Many times, the cost of unreliability remains unknown because the causes of unreliability are so many. Whether you want to point the finger at maintenance, production (operations) or engineering, each functional area plays a role in unreliability. Here are a few examples of those losses:
1. Equipment Breakdown (total functional failure)
A. Causes of Equipment Breakdown
1. No Repeatable Effective Repair, Preventive Maintenance,
Lubrication, or Predictive Maintenance Procedure
2. No one following effective procedures
2 Equipment not running to rate (partial functional failure)
A. Causes of Equipment not Running to Rate
1. Operator not having an effective procedure to follow
2. Operator not trained to operate or troubleshoot equipment
3. Management thinking this is the best rate at which the
equipment can operate because of age or condition
3. Off-Quality Product that is identified as “first pass quality”
(could be a partial or total functional failure)
A. Causes of Quality Issues
1. Acceptance by management that “first pass quality” is not
a loss because the product can be recycled
4. Premature Equipment Breakdown
A. Ineffective or no commissioning procedures. We are talking
about maintenance replacement of parts or equipment and
engineering/contractor that fails prematurely because no one
has identified if a defect is present after the equipment has
been installed, repaired, serviced, etc. (See Figures 2 and 3.)
(If you have ever seen equipment break down or not running to rate immediately after a shutdown, you know what we are talking about.)

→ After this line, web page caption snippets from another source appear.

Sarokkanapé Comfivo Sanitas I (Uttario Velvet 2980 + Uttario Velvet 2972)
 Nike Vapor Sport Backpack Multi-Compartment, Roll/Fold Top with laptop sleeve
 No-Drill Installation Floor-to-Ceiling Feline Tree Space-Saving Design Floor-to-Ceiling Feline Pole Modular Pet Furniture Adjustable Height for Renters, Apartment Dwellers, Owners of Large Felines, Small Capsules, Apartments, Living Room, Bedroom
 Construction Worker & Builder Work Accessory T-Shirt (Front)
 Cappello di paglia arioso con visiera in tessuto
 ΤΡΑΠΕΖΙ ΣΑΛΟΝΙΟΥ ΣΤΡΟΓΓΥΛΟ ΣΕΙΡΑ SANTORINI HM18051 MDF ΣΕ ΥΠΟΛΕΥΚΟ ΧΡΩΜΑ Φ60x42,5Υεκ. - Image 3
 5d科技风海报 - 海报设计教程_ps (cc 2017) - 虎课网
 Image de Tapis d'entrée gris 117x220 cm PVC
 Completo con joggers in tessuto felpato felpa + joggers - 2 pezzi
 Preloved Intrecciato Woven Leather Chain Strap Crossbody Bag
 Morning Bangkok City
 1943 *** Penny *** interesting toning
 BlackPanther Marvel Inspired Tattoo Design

The Proactive Workflow Model
Eliminating unreliability is a continuous improvement process much like the Proactive Work Flow Model in Figure 4. The Proactive Workflow Model illustrates the steps required in order to move from a reactive to a proactive maintenance program.
What the Proactive Work Flow Model Really Means to Your Organization
Implementing the Proactive Work Flow Model is the key to eliminating failures. The built-in continuous improvement processes of Job Plan Improvement and the Failure Reporting, Analysis, and Corrective Action System (FRACAS) help ensure that maintainability and reliability are always improving. All of the steps and processes have to be implemented in a well managed and controlled fashion to get full value out of the model.
The foundational elements of Asset Health Assurance are keys because they ensure that all of the organization’s assets are covered by a complete and correct Equipment Maintenance Plan (EM). These are requirements (not options) to ensure that you have a sustainable proactive workflow model.
You cannot have continuous improvement until you have a repeatable, disciplined process.
The objective of the Proactive Work Flow Model is to provide discipline and repeatability to your maintenance process. The inclusion of the FRACAS provides continuous improvement for your maintenance strategies. There are fundamental items you must have in place to insure that you receive the results you expect.
Think of FRACAS this way. As you have failures, you use your CMMS/EAMS failure codes to record the part-defect-cause of each failure. Analyzing part-defect-cause on critical assets helps you begin to make serious improvement in your operation’s reliability. Looking at the FRACAS Model in Figure 5, we begin with Work Order History Analysis, and from this analysis we decide whether we need to apply Root Cause Analysis (RCA), Reliability Centered Maintenance, or Failure Modes and Effect Analysis to eliminate or reduce the failures we discover. From the RCA, we determine maintenance strategy adjustments needed to predict or prevent failures. Even the most thorough analysis doesn’t uncover every failure mode. Performance monitoring after we make the strategy adjustments may find that new failure modes not covered by your strategy occur. You can now make a new failure code to track the new failure mode so additional failures can be tracked and managed when you review work order history. You can see this is a continuous improvement loop which never ends.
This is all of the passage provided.